The data: Begin
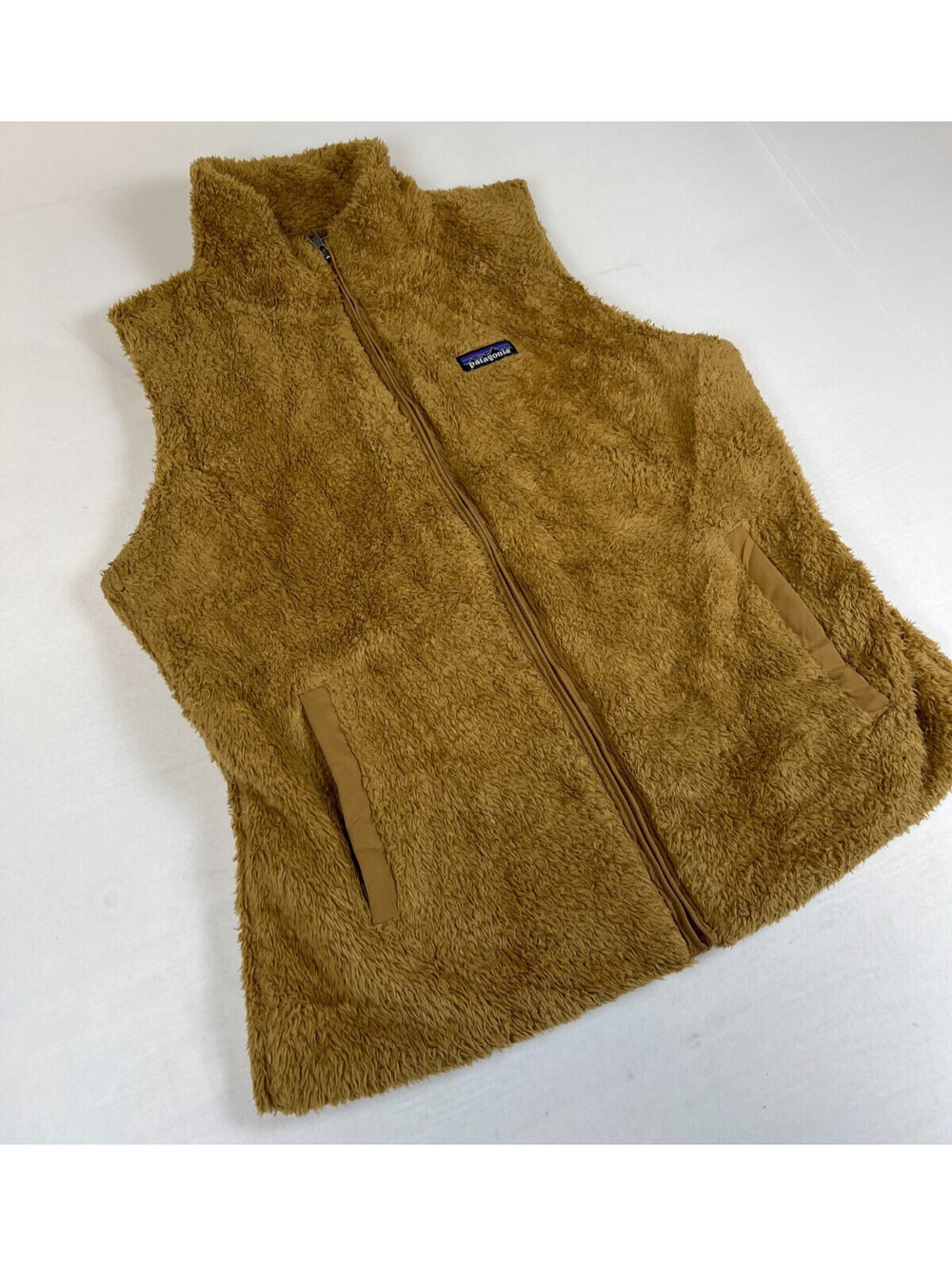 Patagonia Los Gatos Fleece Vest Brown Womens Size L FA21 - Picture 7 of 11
The data: End
The data: Begin
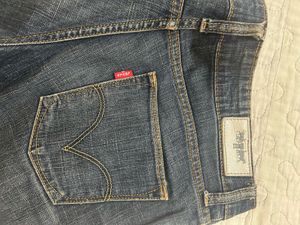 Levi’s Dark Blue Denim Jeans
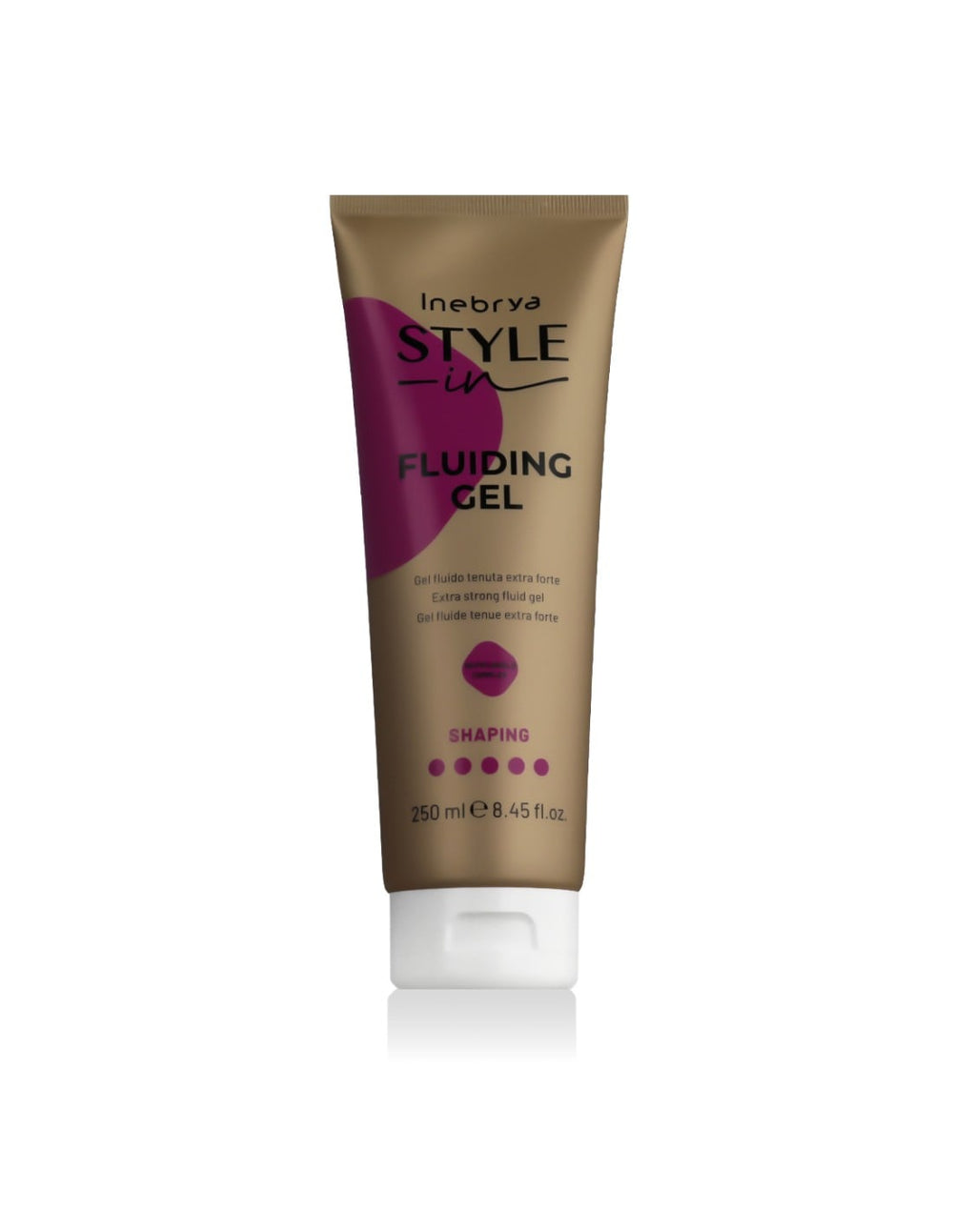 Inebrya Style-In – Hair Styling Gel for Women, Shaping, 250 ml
The data: End
(Brief):
In the entries above, which lines run from the one with "Levi’s Dark Blue Denim Jeans" up to and including the one with "Inebrya Style-In –"? Write them out exactly, without the pictures.

(Solution for this exercise):
 Levi’s Dark Blue Denim Jeans
 Inebrya Style-In – Hair Styling Gel for Women, Shaping, 250 ml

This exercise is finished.